Like all things that start small and on a whim, my little experiment in storytelling grew and changed. What began as one novel split like a single celled organism and grew into two, when I learned I had far too much story to cram into a first-time novelist's meager pages. Two books then birthed the concept for a third, though this story remains in its infancy while I tend books one and two. Amusing, given that prior to that day in 2007, I had continually told myself I was no writer.

That novel I started three years ago has undergone multiple transformations since its inception in 2007. After all, I had never heard the phrase Point Of View, at least not in the prose sense, before I had written almost all of The Sword of the Patron. I blundered into a less flawed rendering of the story than I might have, since I wrote the story using my protagonist as the "camera"...later I would learn I had used limited third person point of view.

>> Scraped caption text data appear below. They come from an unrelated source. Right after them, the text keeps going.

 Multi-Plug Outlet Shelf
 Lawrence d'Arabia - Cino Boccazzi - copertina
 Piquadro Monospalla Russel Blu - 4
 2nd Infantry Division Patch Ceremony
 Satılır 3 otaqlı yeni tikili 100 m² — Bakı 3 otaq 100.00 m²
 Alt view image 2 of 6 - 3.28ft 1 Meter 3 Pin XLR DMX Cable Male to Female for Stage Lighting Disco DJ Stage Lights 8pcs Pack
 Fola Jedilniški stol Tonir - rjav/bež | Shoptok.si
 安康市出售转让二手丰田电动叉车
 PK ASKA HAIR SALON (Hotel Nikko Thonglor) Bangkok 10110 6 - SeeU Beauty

Granted, I had mountains of errors in need of revisitation, but I'm thankful for the learning I've gained over the intervening years that have helped me recognize them. I can only imagine the days, weeks, and years to come will help me see more places I can tighten and polish. Heaven forbid I ever reach the point where I decide I have no more to learn. And praise God for people brave enough to point out when I've made a mess of things and need to fix them.

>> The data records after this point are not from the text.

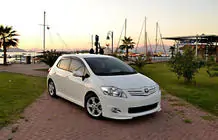 Toyota Auris 2007-2012 Seitenschweller (grundiert zum Lackieren) Foto 1
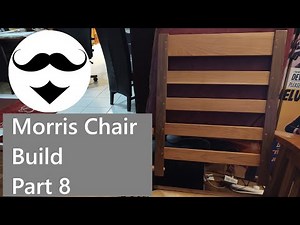 Morris Chair Build Part 8: Making the Back
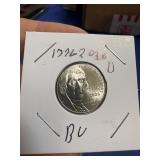 1776 -2026 D semi quincentennial nickel BU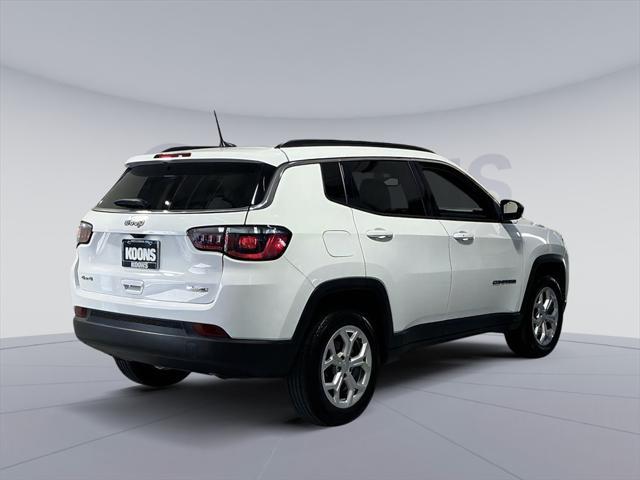 used 2024 Jeep Compass car, priced at $23,000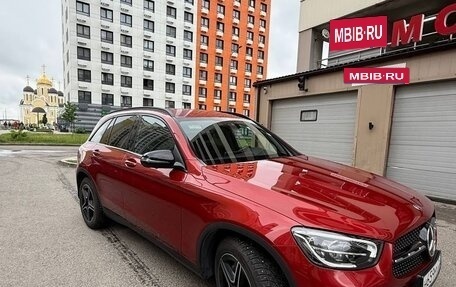Mercedes-Benz GLC, 2019 год, 4 300 000 рублей, 3 фотография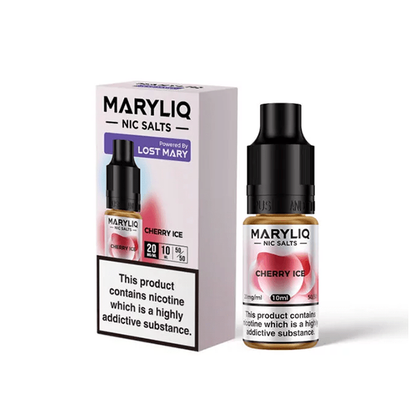 20mg MARYLIQ Nic Salt By Lost Mary 10ml (50VG/50PG) | Lost Mary | Hall of Vape |  | Vaping Products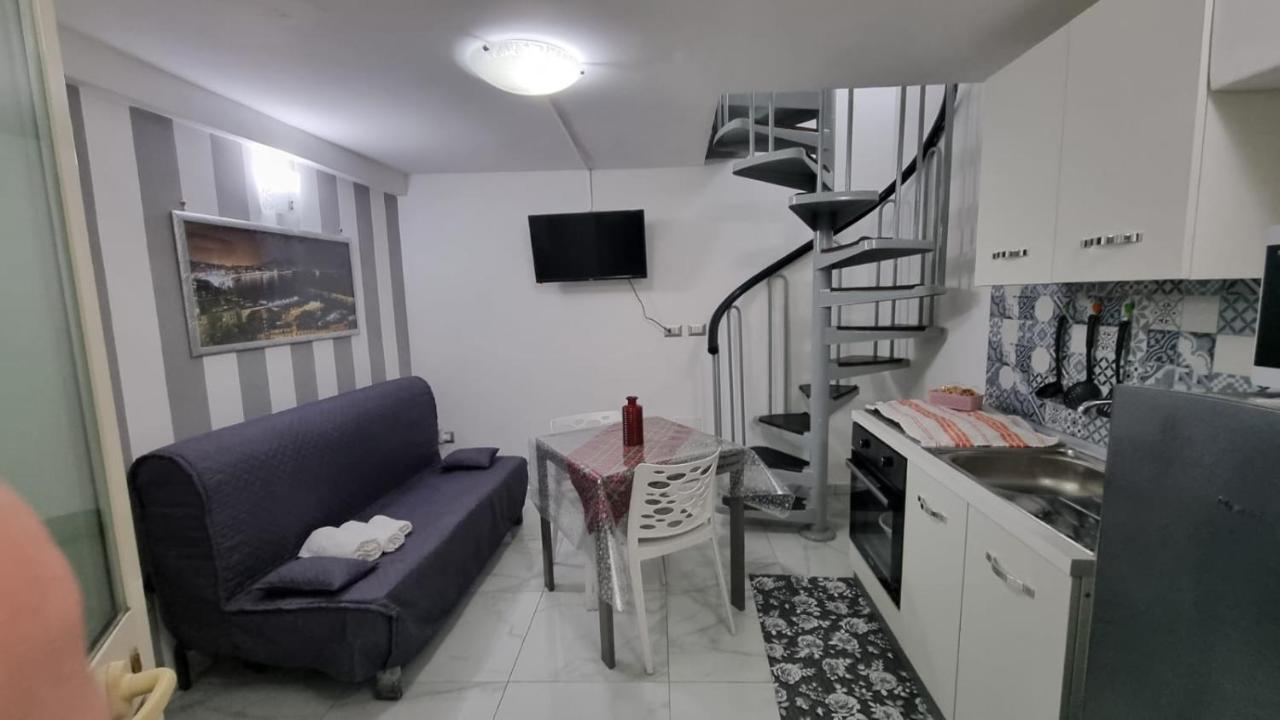 那不勒斯Casa Di Gresia别墅 外观 照片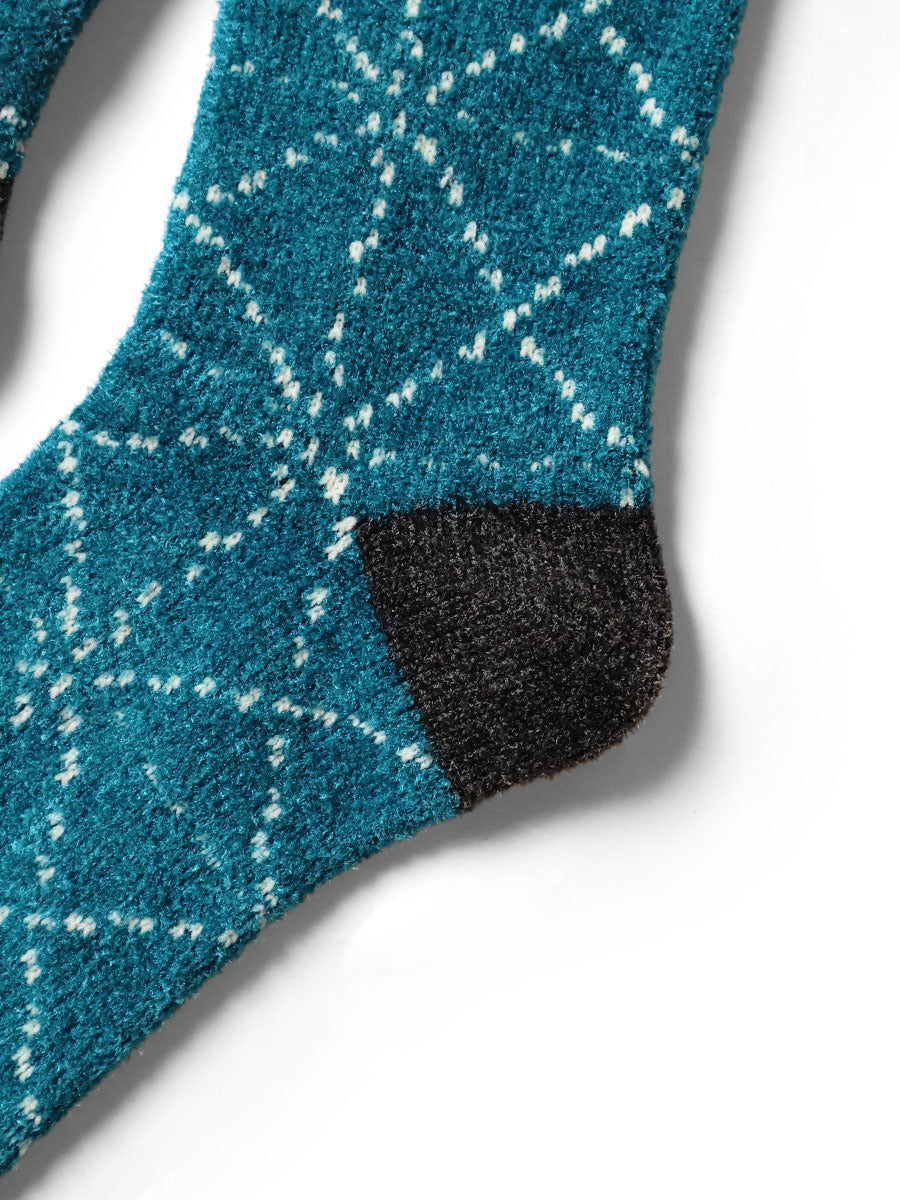 Kapital 84 Strands Of Mohair Yarn Sashiko Socks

An ever widening garden of writing endeavors grew from seeds planted by The Sword of the Patron. From characters mentioned in that tale and its sequel, A Voice Within, The Windrider serial took flight. I have long known who Vinyanel Ecleriast is...I believe he marched into my head in the late 90's...but his very mention in my second novel gave him breath enough to demand more screen time of his own. (He's demanding like that.) And from there, the early-history rendering of Delquessa's Lament, a novella in progress, has also taken shape.

Since my unfocused start, I've learned how very little I know and gotten a sense of just how mammoth the task of learning how to write really is. Through a couple writers' conferences,  a few contests, and a handful of rejections (some more painful than others), I've discovered more about the world of fiction than I ever thought possible. All this set into motion by taking a few blundering steps into fleshing out a character I had in my head who I thought wanted her story told in greater detail.

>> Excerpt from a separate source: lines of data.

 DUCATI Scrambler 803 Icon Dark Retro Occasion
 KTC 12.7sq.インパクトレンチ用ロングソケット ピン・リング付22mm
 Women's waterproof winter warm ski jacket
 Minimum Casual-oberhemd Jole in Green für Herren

So, why am I recounting all this on this New Year's eve? I suppose it's because we all tend to wax nostalgic on nights like this, but it's also to encourage you...if there's a story inside you waiting to get out, don't insist it remain within only your soul, never to breath the fresh air of the world. Certainly, some will throw a few rocks at your baby. But others just might cheer and say your story has brightened their lives. You might be able to shed light upon a message only you can tell in your words, but will resonate with just the person who needs to hear it.

Here I am, three years later, in the same spot (or at least nearly) as I was that handful of New Year's eves ago. But at the same time, what a vastly different place I now sit. In a place I once restrained my inclinations, I have now found passion. Where I once feared to tread, I find irrepressible motivation. I'm looking forward to where 2011 will take me as I continue the journeys that ensue every time I sit in this chair and place my fingers upon the keyboard.

As for you...find your adventure this year and head out upon it. Without so much as even a handkerchief in your pocket. You won't regret it.